How to show a preview of a PDF page in a HTML document?

I need to create a web page showing a preview of a single PDF page. The PDF page is scanned from a document and contains image data.

I know that I could use <iframe …> and let the browser launch a PDF viewer, but I would rather prefer to convert the PDF to PNG (or jpg?) and let the browser display the preview.

All this will be done with a cgi script written in bash on 11.3 (if that matters).

Question: how would you do it? What are the pro’s and cons of the different approaches?

vodoo wrote:

>
> All this will be done with a cgi script written in bash on 11.3 (if
> that matters).
You can use convert (imagemagick)


convert my.pdf my.png

It will produce a png for every page in the pdf.
For more fine grained control “man convert”.

>
> Question: how would you do it? What are the pro’s and cons of the
> different approaches?
>
I think this is a good approach with the cgi script. It makes showing it
independent from the user having a pdf viewer installed.


PC: oS 11.3 64 bit | Intel Core2 Quad Q8300@2.50GHz | KDE 4.6.3 | GeForce
9600 GT | 4GB Ram
Eee PC 1201n: oS 11.4 64 bit | Intel Atom 330@1.60GHz | KDE 4.6.0 | nVidia
ION | 3GB Ram

vodoo wrote:
> I need to create a web page showing a preview of a single PDF page. The
> PDF page is scanned from a document and contains image data.

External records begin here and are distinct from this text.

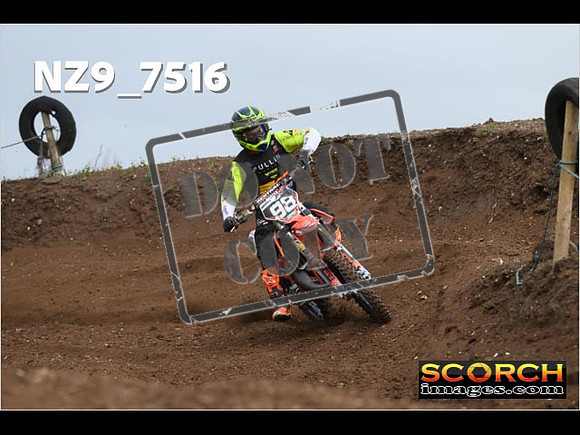 Experts-114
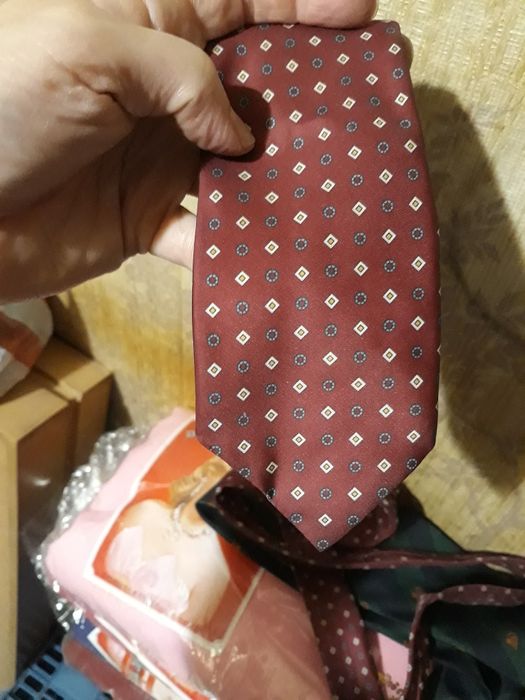 14 вратовръзки, някои нови, други ползвани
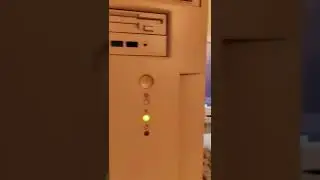 Quake II 1024x768 on Pentium 2 (Riva TNT+SLI Voodoo 2)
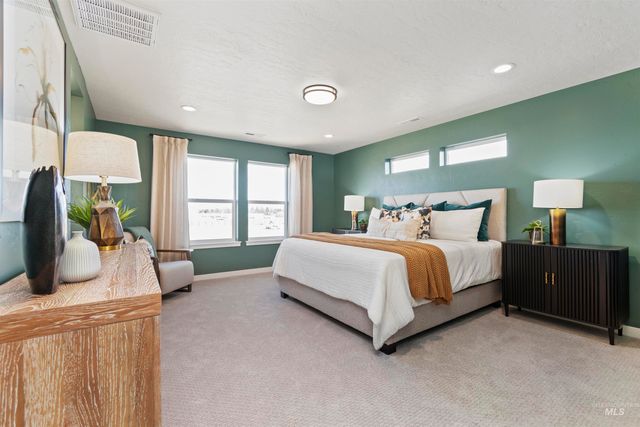 7807 E Meriwether Dr, Nampa, ID 83687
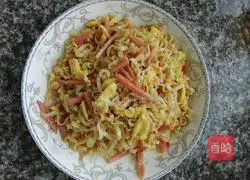 Illustration of how to make fried noodles with eggs 8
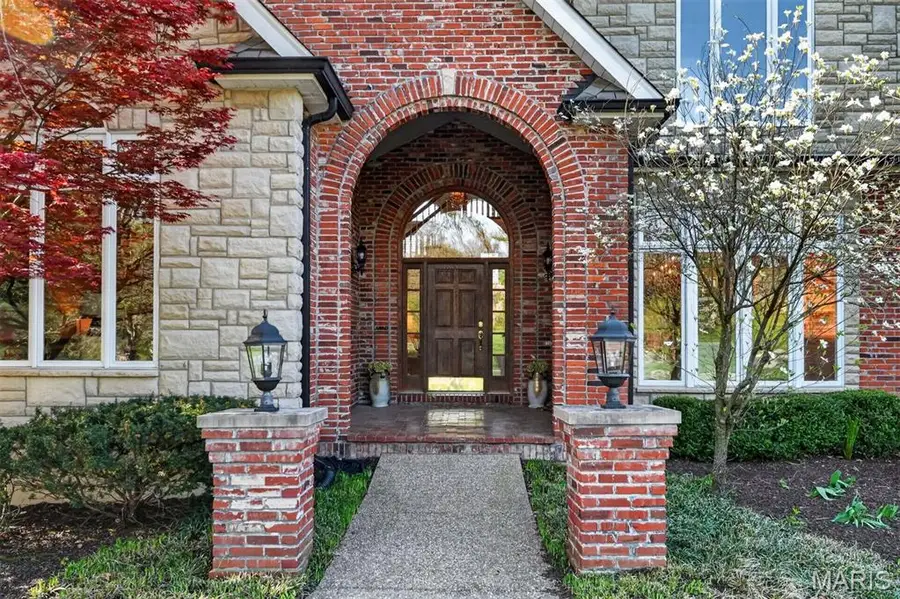 11 Fielding Road, Ladue, MO 63124 - #3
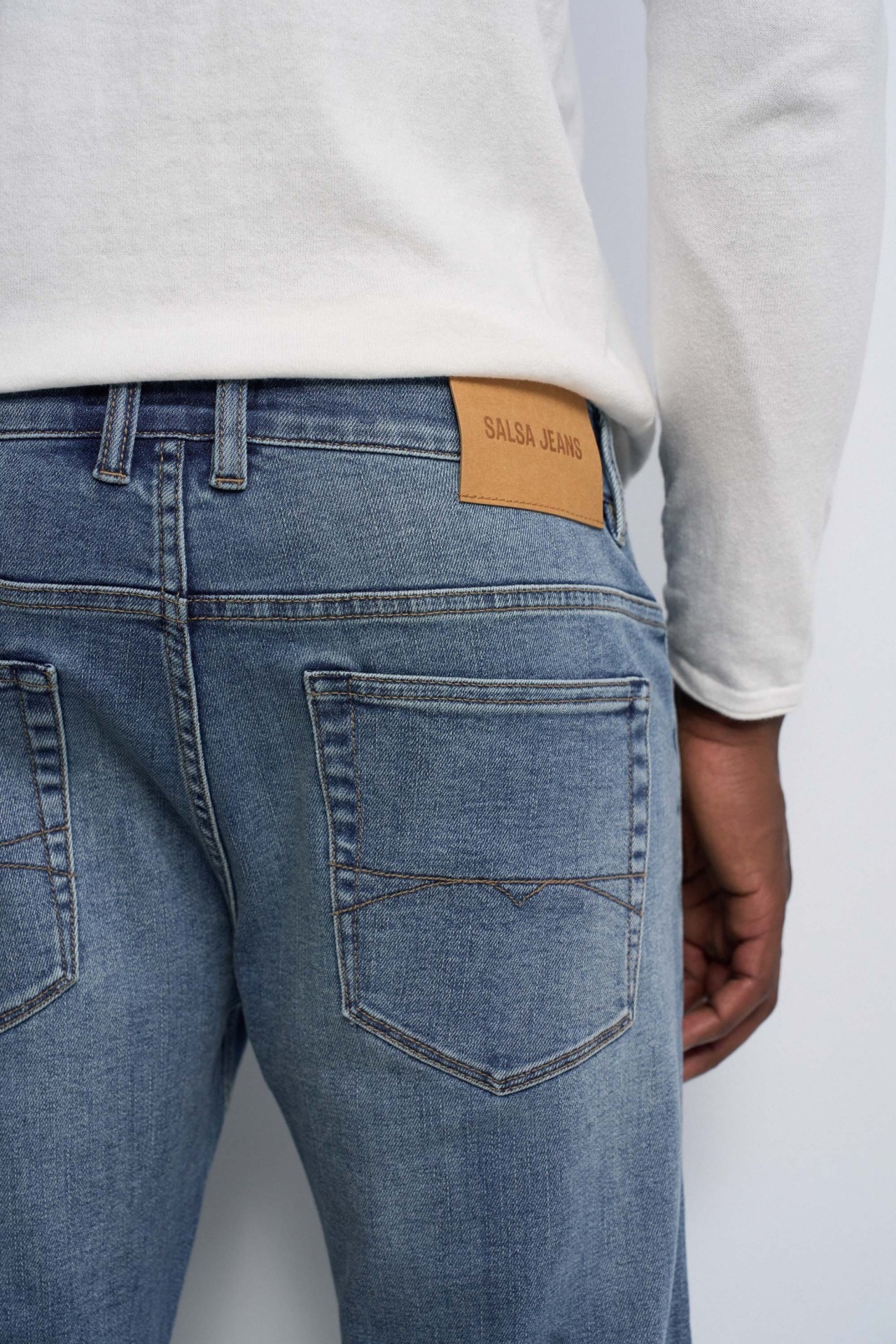 SLIM FIT JEANS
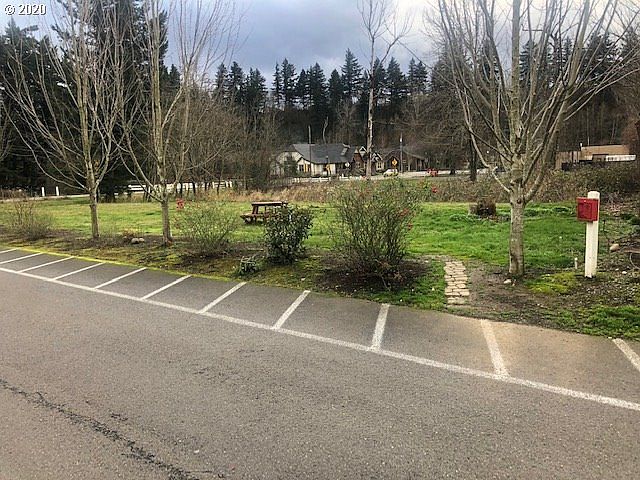 1st image of E Hist Columbia River Hwy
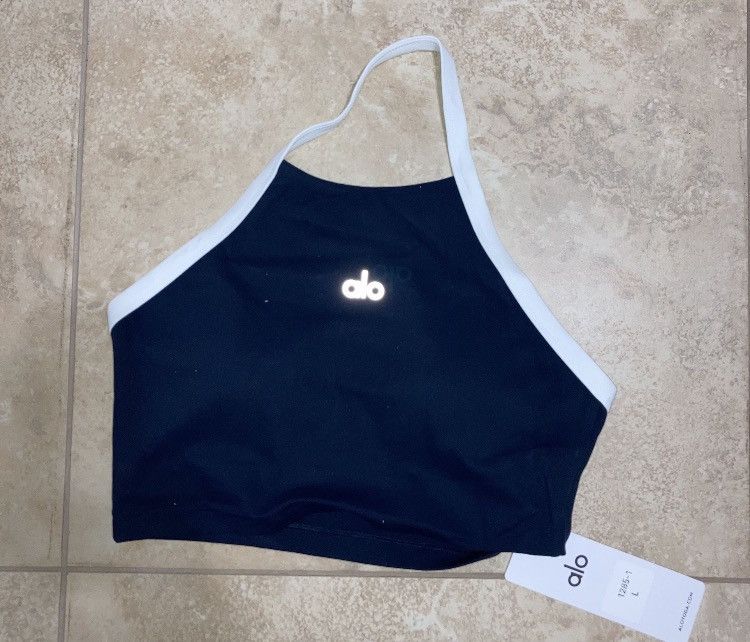 Alo Yoga Alo Yoga Crop Top Size L / US 10 / IT 46 - 1 Thumbnail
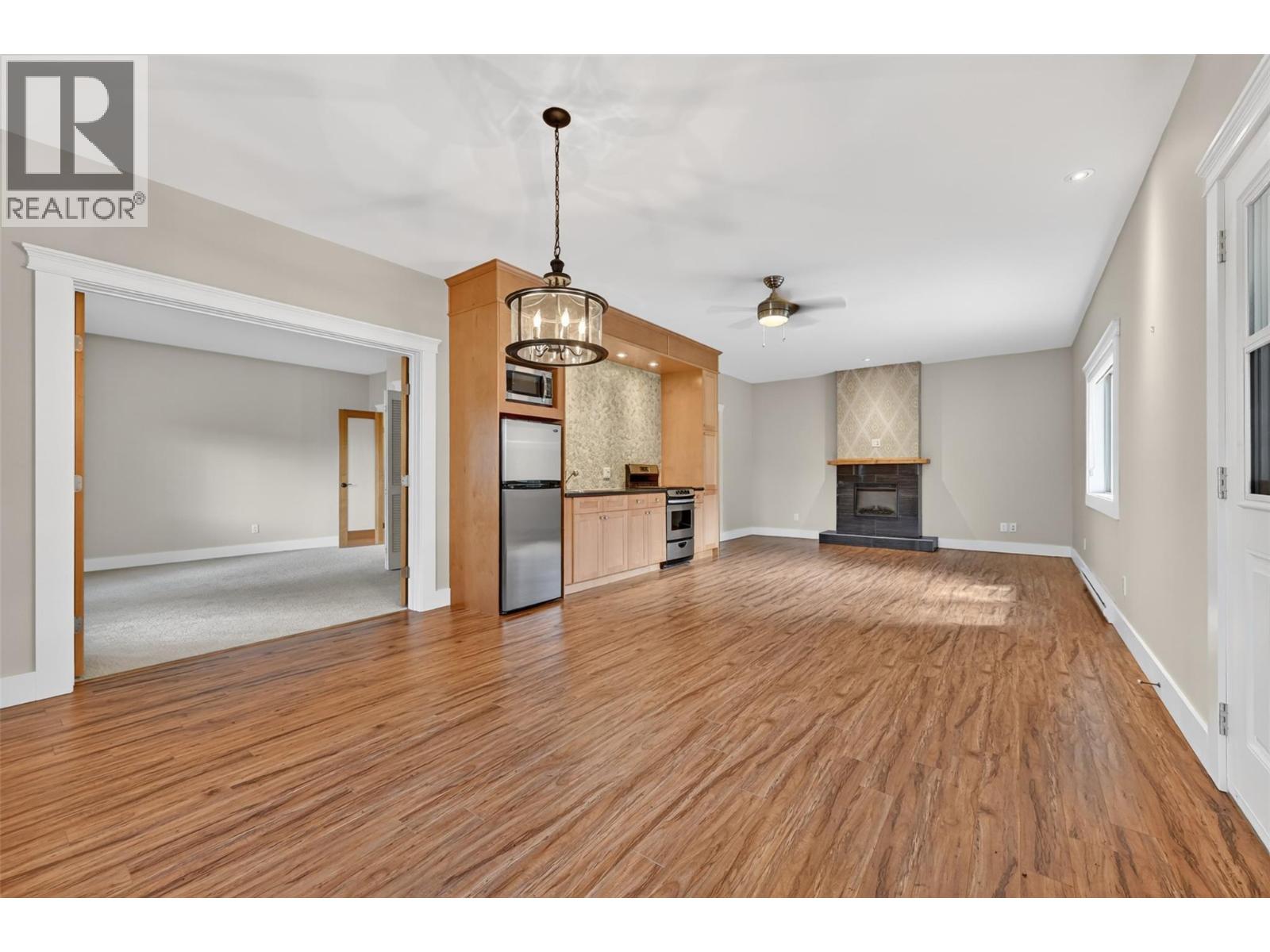 8566 Eacrett Road - 15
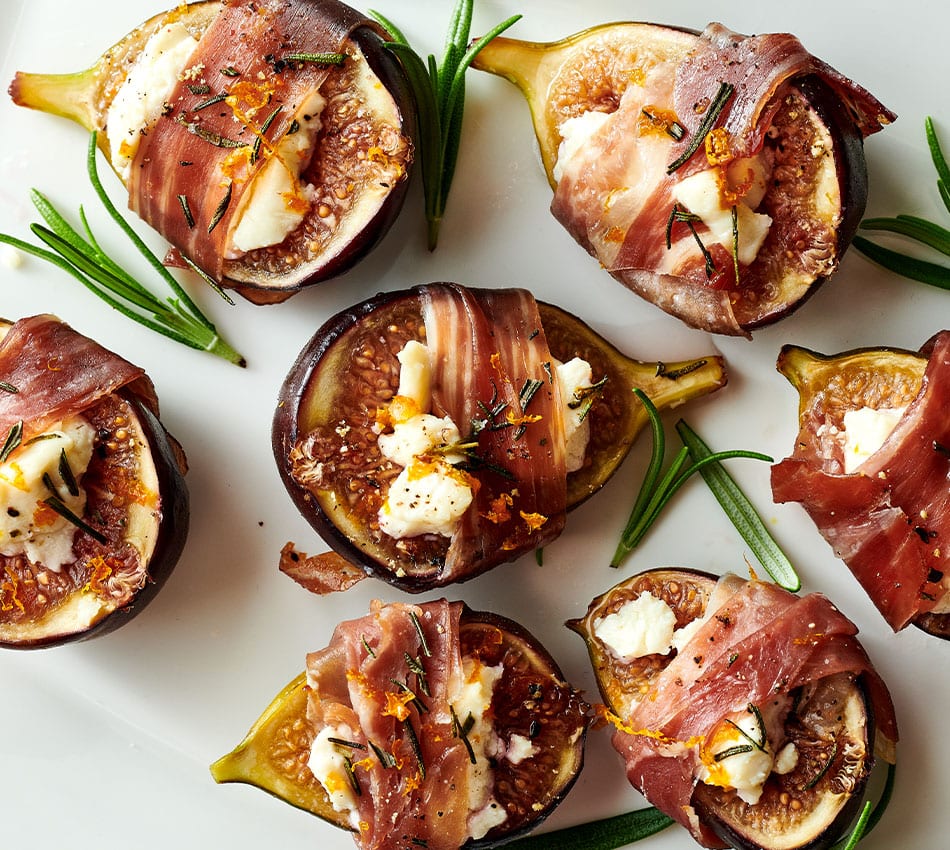 Stuffed figs with goat cheese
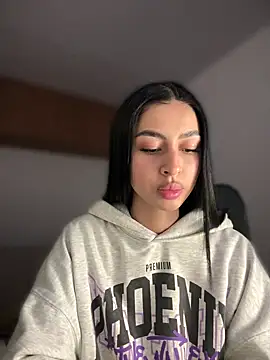 Snapshot of maddy_bronw_ chatting on 02-18-25, 12:04 maddy bronw online show from 02-18-25, 12:04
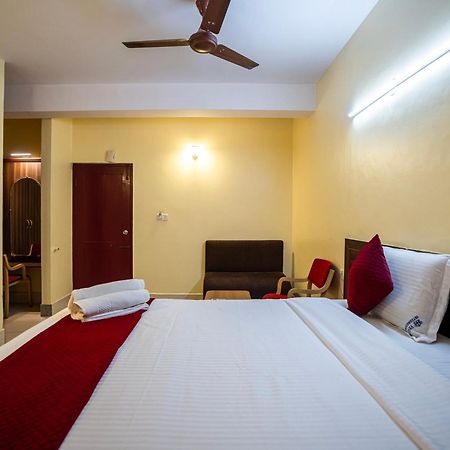 Hotel Vyshak International Mysore Extérieur photo
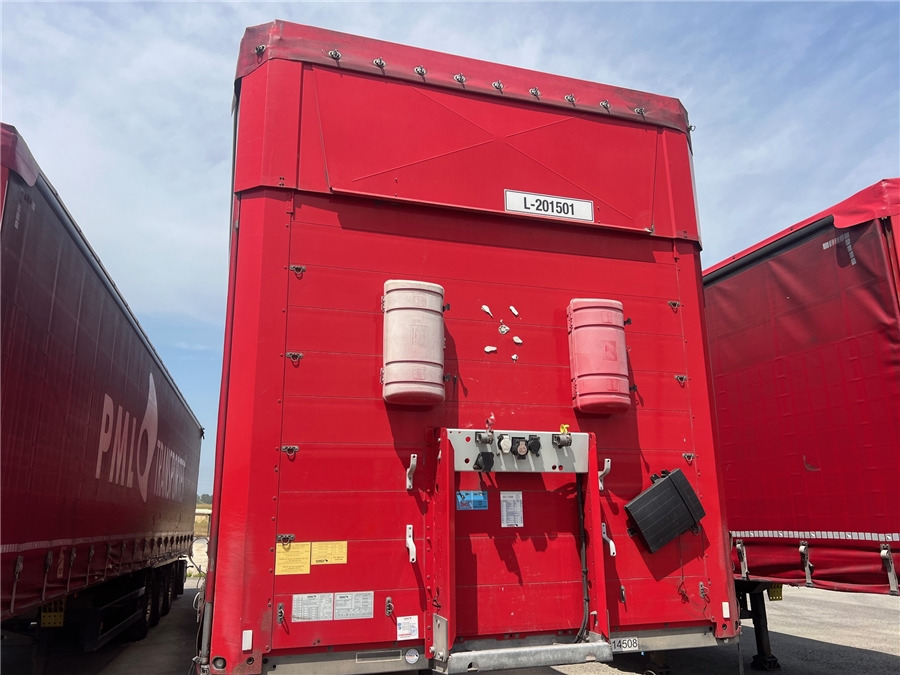 SCHMITZ CARGOBULL SCB-S3T TETO ELEVAR - Semi-remorque rideaux coulissants: photos 5 SCHMITZ CARGOBULL SCB-S3T TETO ELEVAR - Semi-remorque rideaux coulissants: photos 5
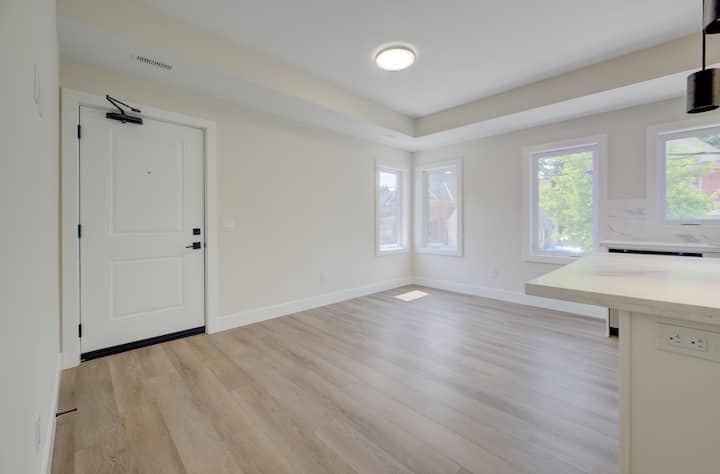 Unit 4 Stylish 1br Condo In Central Location - Kitchener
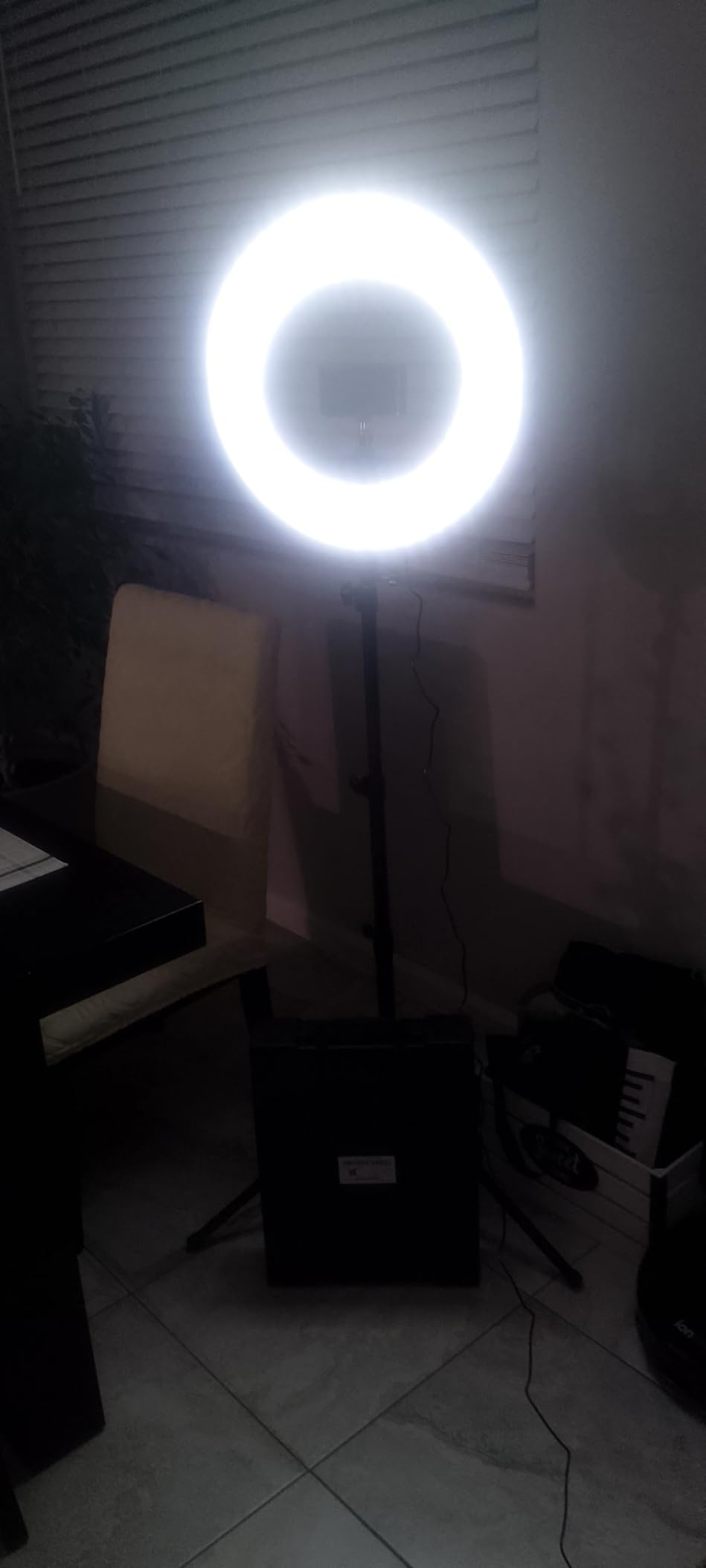 18 Inch Ring Light Kit, 55W 6700k Dimmable LED Light, Tripod Stand, Remote Controller, Box, CRI95, Black customer photo 1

If what you’re showing is basically a scanned image, why not show the
scanned image? What advantage do you get from showing [a further
conversion of] a PDF page?

I think this is a good approach with the cgi script. It makes showing it independent from the user having a pdf viewer installed.

@martin_helm: thank you for the feedback. The png gives me better control to integrate the preview into the webpage the way I want it. Your opinion was very valuable for me. My question was in fact a question on design and not about the conversion process. More on this later.

@djh-novell: I am reluctant to show the scanned PDF just as is for several resons. I have no control what PDF viewer will be used on the client side. As this is a preview I want to control the size of the image as well. And then the png is about half the file size of the equivalent PDF, saving a lot of bandwidth.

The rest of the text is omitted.